Please explain GPU internal bus bottlenecking

Quartz-1 · Nov 5, 2014

Over the years I've seen a lot of claims that video card X is bottlenecked because it only has a Y bit bus.

How do you determine that? How do you demonstrate it?

Note that I'm NOT asking about CPU vs GPU or PCI Express, but the elements wholly internal to the video card.

cyclone3d · Nov 5, 2014

Look at any card that was offered in multiple versions, such as the Nvidia GTX460 which came in both a 192 and a 256-bit version.

You can tell the difference by benchmarking at the same settings and see the the 256-bit version is faster.

You just have to make sure you are running a game that is not being slowed down by the lower amount of RAM on the 192-bit version on the card.

FnordMan · Nov 5, 2014

Memory bus, video cards need memory bandwidth and a LOT of it, that's why a 192-bit bus card will run slower than one with a 256-bit bus if everything else is the same.

Quartz-1 · Nov 5, 2014

FnordMan said:
Memory bus, video cards need memory bandwidth and a LOT of it, that's why a 192-bit bus card will run slower than one with a 256-bit bus if everything else is the same.

People say that, but can you demonstrate it? How do you determine it's an actual bottleneck in the first place? It's easy to say that a 256 bit bus is better than a 192 bit bus but how do you know that it's an actual bottleneck? How do you demonstrate it? Maybe the 192 bit bus reflects a limitation elsewhere?

Parja · Nov 5, 2014

So to try to generally answer the question of the OP, you've basically got three factors affecting a video card's performance, pixel fillrate, texture fillrate, and memory bandwidth. Pixel and texture fillrate are a result of the GPU itself while memory bandwidth is (very generally) a factor of the memory bus width and memory speed.

The only way to really determine the effect it has is to benchmark cards. There's really no way to look at the specs and say card A will be faster than card B simply due to memory bandwidth, especially if they're cards of different generations and definitely if you're comparing red vs. green.

Araxie · Nov 5, 2014

hmm.. need to explain fast because i'm on phone, GPU bus width its just like a Highway, a greater bus mean more data can travel through the channels like a 4 channels Highway vs 2 Channel Highway.. so more lanes more flow and thats directly expressed as Bandwidth...
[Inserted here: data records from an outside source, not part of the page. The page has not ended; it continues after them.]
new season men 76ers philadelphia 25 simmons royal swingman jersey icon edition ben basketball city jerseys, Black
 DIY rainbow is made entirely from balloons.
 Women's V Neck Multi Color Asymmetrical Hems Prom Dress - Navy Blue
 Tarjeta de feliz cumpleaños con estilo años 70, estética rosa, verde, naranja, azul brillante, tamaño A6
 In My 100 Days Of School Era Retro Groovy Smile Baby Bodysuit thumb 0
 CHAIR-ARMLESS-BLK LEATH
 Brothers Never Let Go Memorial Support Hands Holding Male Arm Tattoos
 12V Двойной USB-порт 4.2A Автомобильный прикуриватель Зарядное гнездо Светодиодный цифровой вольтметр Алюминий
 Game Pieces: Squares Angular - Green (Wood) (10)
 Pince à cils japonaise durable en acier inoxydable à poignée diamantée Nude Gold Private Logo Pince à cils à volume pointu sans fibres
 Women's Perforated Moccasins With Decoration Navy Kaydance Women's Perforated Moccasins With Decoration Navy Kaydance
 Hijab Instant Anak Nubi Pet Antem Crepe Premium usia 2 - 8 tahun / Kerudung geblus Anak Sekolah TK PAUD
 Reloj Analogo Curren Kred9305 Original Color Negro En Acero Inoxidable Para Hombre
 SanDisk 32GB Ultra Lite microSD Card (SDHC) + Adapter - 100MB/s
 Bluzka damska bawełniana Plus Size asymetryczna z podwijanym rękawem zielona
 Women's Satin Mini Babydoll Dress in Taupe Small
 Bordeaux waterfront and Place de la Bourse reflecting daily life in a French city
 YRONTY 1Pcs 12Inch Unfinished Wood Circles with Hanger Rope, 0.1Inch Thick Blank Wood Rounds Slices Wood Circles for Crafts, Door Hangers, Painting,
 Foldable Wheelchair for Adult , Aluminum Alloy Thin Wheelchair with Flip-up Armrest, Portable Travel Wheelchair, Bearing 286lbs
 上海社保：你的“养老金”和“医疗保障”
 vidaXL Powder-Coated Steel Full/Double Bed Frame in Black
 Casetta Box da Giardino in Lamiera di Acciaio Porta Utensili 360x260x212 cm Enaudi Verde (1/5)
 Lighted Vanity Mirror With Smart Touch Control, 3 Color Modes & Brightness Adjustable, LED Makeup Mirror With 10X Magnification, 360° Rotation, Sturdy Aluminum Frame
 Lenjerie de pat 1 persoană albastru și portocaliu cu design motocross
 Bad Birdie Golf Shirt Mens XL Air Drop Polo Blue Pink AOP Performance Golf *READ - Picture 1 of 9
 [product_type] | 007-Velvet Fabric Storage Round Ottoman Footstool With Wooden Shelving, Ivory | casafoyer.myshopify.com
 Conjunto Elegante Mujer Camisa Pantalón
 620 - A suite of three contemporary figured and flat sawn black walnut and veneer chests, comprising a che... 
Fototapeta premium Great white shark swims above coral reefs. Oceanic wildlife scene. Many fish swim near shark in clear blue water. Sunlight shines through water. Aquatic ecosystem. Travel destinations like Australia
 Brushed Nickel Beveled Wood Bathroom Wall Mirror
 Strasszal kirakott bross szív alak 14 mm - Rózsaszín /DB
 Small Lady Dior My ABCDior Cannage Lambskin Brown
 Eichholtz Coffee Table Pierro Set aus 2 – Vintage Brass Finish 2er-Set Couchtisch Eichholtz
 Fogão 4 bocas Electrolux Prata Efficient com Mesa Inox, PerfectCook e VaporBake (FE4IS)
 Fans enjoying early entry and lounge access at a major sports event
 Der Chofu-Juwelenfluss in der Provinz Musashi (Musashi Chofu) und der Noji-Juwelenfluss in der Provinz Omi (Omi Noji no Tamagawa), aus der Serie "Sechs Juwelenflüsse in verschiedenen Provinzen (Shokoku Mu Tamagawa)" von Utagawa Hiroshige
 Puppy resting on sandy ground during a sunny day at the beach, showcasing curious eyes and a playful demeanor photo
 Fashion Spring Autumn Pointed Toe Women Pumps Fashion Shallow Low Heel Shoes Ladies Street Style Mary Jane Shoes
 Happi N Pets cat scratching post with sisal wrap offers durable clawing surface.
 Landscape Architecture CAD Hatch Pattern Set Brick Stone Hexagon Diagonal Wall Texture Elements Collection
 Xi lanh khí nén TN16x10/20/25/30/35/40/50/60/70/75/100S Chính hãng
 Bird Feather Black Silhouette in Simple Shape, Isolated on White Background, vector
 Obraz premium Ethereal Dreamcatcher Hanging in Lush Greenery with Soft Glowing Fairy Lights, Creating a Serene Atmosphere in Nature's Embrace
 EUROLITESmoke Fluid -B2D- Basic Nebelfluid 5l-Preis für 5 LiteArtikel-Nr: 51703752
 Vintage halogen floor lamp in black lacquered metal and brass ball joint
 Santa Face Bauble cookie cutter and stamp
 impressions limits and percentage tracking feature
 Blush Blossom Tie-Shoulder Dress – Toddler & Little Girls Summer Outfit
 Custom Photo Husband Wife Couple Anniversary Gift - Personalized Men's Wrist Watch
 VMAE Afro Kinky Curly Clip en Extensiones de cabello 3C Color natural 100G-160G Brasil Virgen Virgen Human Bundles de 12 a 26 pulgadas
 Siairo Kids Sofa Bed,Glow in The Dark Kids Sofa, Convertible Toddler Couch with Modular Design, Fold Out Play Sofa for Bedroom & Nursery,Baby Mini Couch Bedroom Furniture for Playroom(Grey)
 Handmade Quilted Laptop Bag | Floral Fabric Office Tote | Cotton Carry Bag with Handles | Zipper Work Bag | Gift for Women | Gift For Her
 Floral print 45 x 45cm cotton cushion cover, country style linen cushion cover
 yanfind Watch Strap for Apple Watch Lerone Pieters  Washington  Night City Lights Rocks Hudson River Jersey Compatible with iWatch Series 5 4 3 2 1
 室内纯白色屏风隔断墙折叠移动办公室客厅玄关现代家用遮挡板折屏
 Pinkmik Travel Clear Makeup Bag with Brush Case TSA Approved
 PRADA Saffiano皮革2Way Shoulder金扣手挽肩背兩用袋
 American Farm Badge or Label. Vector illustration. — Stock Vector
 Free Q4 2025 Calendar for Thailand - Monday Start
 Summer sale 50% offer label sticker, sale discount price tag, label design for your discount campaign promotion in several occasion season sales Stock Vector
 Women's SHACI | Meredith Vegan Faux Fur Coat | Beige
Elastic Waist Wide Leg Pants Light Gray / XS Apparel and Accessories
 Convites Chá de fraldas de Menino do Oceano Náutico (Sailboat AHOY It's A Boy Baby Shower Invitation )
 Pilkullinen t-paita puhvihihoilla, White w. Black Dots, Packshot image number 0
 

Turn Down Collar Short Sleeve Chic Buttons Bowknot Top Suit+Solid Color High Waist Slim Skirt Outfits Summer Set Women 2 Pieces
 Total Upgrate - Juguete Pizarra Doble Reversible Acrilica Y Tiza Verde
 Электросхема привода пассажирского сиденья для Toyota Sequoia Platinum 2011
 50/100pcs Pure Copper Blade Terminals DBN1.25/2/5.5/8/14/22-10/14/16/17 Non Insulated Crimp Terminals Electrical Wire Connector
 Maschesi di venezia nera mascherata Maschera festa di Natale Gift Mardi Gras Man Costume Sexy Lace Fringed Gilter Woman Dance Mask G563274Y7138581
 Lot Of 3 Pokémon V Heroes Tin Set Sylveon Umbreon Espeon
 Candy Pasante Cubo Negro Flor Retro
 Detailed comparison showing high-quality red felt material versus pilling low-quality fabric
in the GPU world the bus width more than the bandwidth itself affect lot of things like high amount of AntiAliasing and High Resolutions that's why you can see a 780TI trading blows with the more powerful 980 at high resolutions or surround setups, (specially in multi GPU situations). and thats why in those situations you can see AMD 290(x)s beign still better at 4K and multi monitor setups due the 512bit bus.

also the way Nvidia set the Bus in some cards for example the 660TI can also mean a bottleneck, for example a 192Bit bus can normally have 6 memory chips or 1.5gb of vRAM. in the case of that card 2 of the memory chips are soldered in the back of the card for a total of 2GB and using a asynchronous memory controller.. in which a setup for 2GB will require 256bit bus to fully implement the 8 memory chips at 32bit.. and that easily explain why the 660TI have a horrible performance with even medium levels of Antialiasing and high resolutions but also have a limitation with the bandwidth when more than 1.5gb of vRAM are used, because all of the chips will work the last memory controller which will limit the bandwidth to 48gb/s so that's a GPU bus width Bottleneck..

Quartz-1 · Nov 5, 2014

Araxie said:
hmm.. need to explain fast because i'm on phone, GPU bus width its just like a Highway, a greater bus mean more data can travel through the channels like a 4 channels Highway vs 2 Channel Highway.. so more lanes more flow and thats directly expressed as Bandwidth...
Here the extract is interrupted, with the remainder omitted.